BEGIN

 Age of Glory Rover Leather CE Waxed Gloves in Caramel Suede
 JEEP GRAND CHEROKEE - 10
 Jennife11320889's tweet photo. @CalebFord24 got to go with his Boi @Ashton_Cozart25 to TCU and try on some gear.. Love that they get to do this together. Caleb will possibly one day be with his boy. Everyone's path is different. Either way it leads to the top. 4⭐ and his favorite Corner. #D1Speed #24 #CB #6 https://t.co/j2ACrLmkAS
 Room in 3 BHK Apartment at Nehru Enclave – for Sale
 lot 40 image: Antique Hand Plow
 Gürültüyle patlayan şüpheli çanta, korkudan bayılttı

END

Work to complete
Each line from the first line of the entries up to and including the line containing "JEEP GRAND CHEROKEE - 10" should be transcribed exactly, with all other lines left out.

Exercise solution
 Age of Glory Rover Leather CE Waxed Gloves in Caramel Suede
 JEEP GRAND CHEROKEE - 10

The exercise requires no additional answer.